Chickapig
- Designers: Brian Calhoun and Dave Matthews
- Publishers: Buffalo Games
- Publication: 2016
- Genres: strategy board game
- Players: 2–4
- Setup time: 1-5 minutes
- Playing time: 30-60 minutes
- Website: https://chickapig.com

= Chickapig =

Strategy board game

Chickapig is a strategy board game created by Brian Calhoun in partnership with musician Dave Matthews, and published by Buffalo Games. The game follows chicken-pig hybrids as they attempt to cross the board while avoiding their opponents. Chickapig debuted as the top-selling new game on Amazon.com in 2017. The Virginia Institute of Autism has adopted the game as a learning tool for teaching social skills.

== Concept ==
Each player is in charge of a flock of six Chickapigs. The goal is for each player to move their Chickapigs across the board to pass through the goal on the other side of the board. Simultaneously, the players attempt to derail their opponents' Chickapigs using hay bales, the cow, and cow poop.

== Gameplay ==
At the start of each turn, the players roll a die to see how many moves they can make in a straight line, either forward, backward, or sideways. Once the turn starts, they cannot stop until encountering another Chickapig, a hay bale, the cow (and cow fence), the perimeter of the game board, or the sides of the goals.  The Chickapig stops in the space adjacent to whichever object it has encountered.  One move is counted every time the Chickapig moves to encounter an object.

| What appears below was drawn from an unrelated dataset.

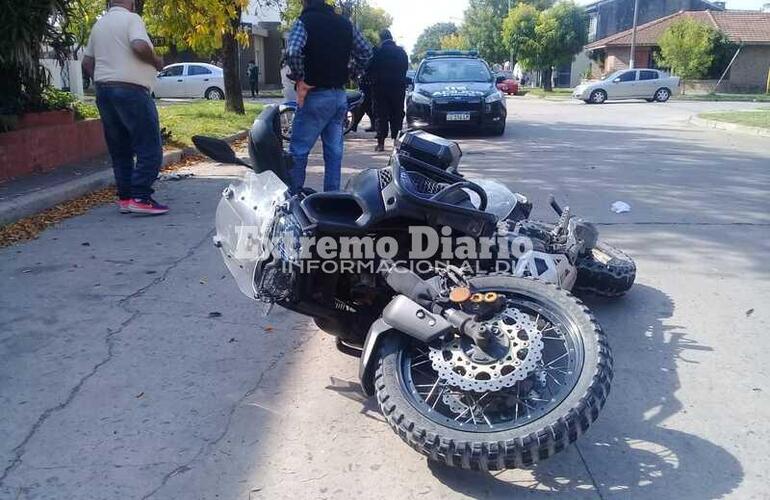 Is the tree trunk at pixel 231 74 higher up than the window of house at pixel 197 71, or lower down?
lower down

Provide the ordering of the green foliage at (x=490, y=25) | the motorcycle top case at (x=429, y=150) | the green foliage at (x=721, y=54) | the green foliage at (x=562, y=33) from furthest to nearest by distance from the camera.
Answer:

Players can move their own color Chickapigs. A player cannot move a Chickapig inside another player's goal.

== Critical reception ==
Chickapig won Best Board Game at the 2019 National Parenting Product Awards.

The game was also a finalist for a Toy Association Specialty Toy of the Year award.

== Distribution ==
In March 2019, Target Corporation launched Chickapig in its stores, including a children's book and a plush doll. The game is also available in Barnes & Noble, Walmart, and independent game stores across the United States.